◆ Task to carry out
From the line containing "Gobierno de Mazatlán" to the line containing "Passoire égouttoir pour" in the records below, set down every line exactly as it stands, both ends included, and skip the pictures.

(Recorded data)
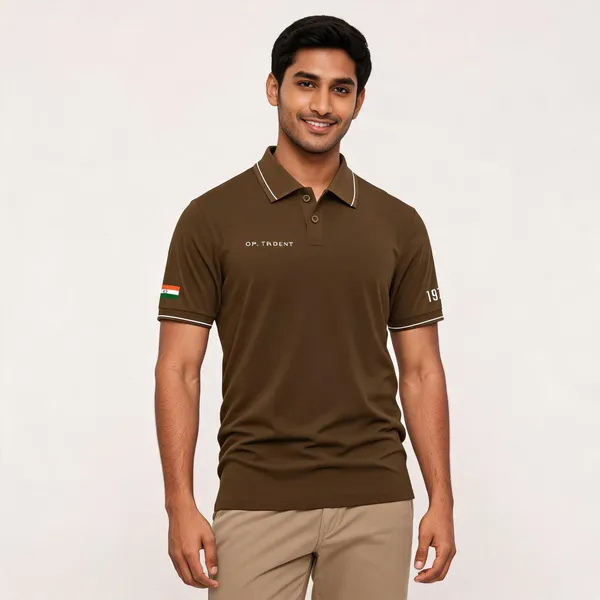 Brown_Cotton_Blend_Regular_Fit_Op_Trident_Command_Polo_T-Shirt_For_Men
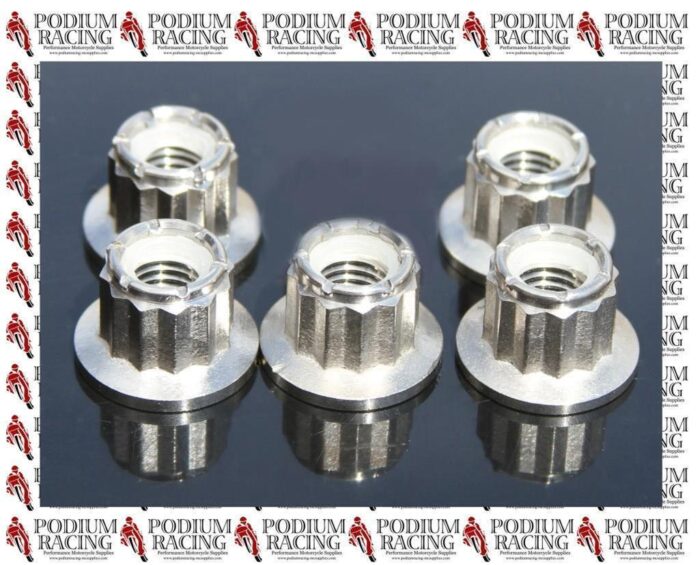 DUCATI TITANIUM 12 POINT SPROCKET NUTS SET OF 5  WITH SELF-LOCK  749 999 S & R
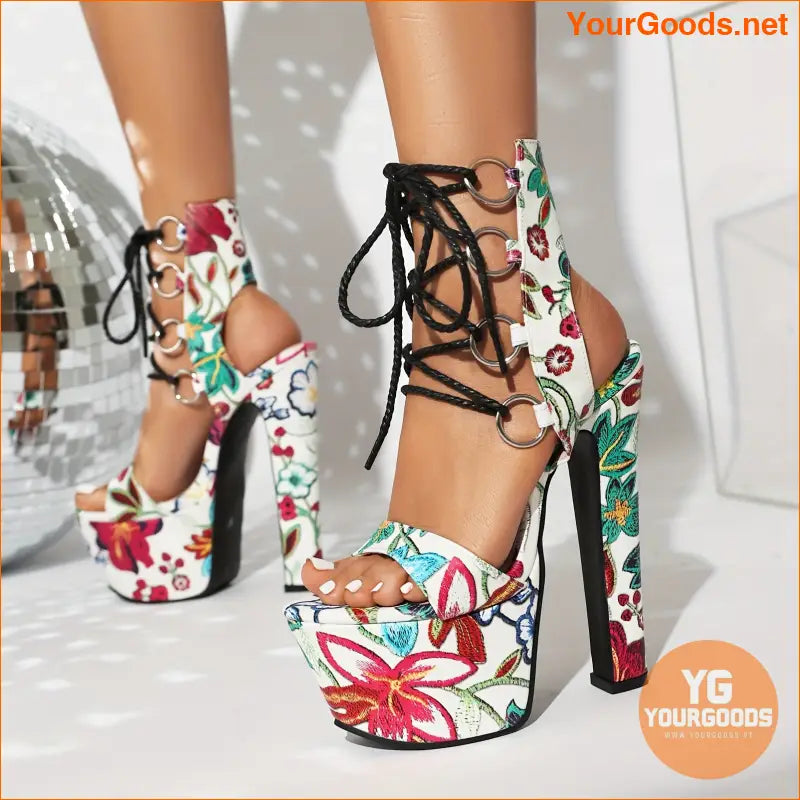 Floral LaceUp High Heel Sandals for Women - YourGoods Online Shop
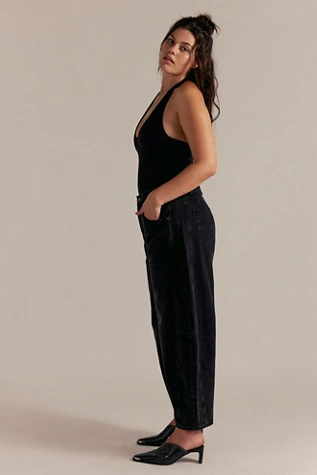 Free People CRVY Venus Barrel Jeans Darkness Falls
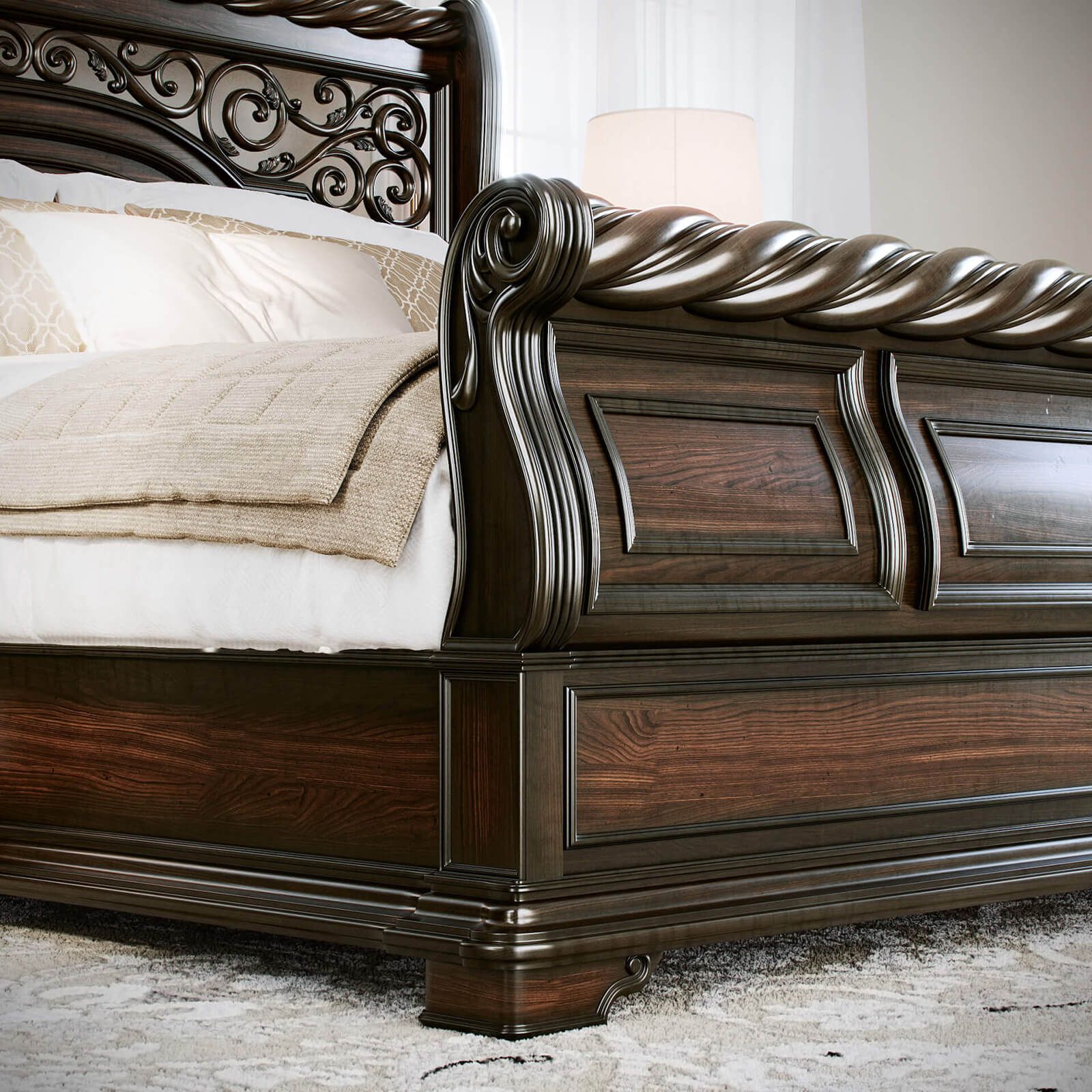 3D rendered image of a luxurious wooden bed showcasing intricate design, highlighting photorealistic furniture rendering and 3D modeling.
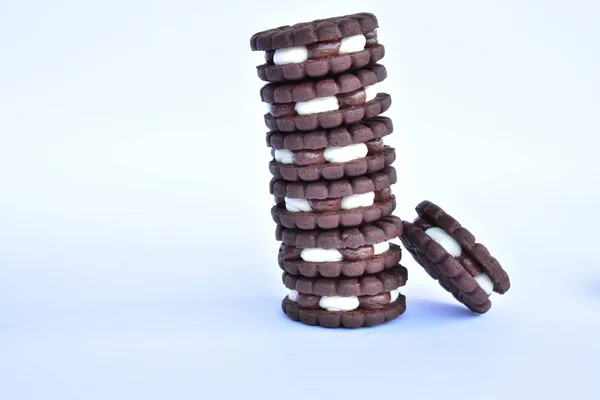 Runda Choklad Cookies Närbild — Stockfoto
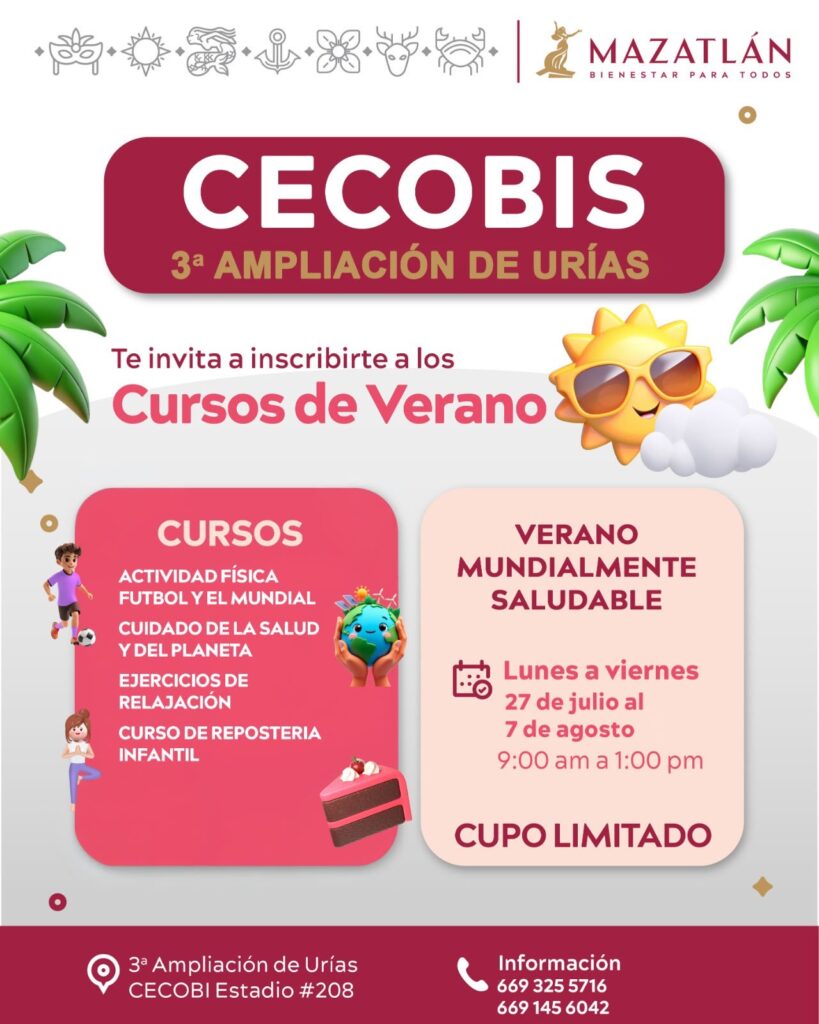 Gobierno de Mazatlán abre inscripciones para los cursos de verano en los CECOBIS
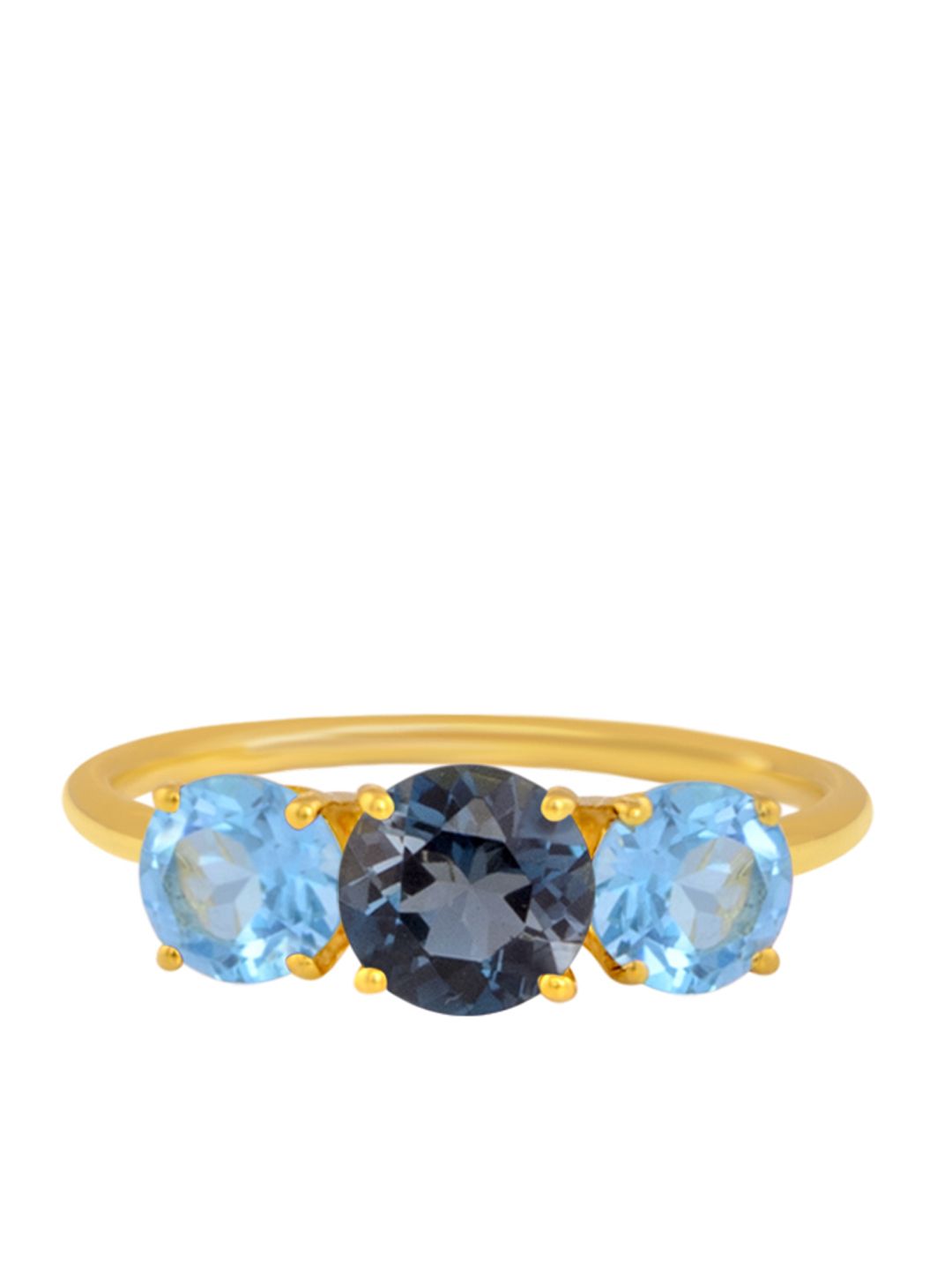 TALISMAN Women Handcrafted Gold-Plated 925 Sterling Silver Blue Stone-Studded Ring Price in India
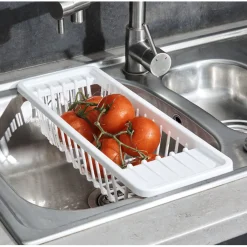 Passoire égouttoir pour évier plastique blanc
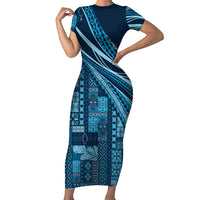 Pasifika Women's Day - Samoa Siapo Malu Tattoo Inspired Family Matching Short Sleeve Bodycon Dress and Hawaiian Shirt Navy Blue LT7 Mom's Dress Navy Blue - Polynesian Pride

◆ Output of the task
 Gobierno de Mazatlán abre inscripciones para los cursos de verano en los CECOBIS
 TALISMAN Women Handcrafted Gold-Plated 925 Sterling Silver Blue Stone-Studded Ring Price in India
 Passoire égouttoir pour évier plastique blanc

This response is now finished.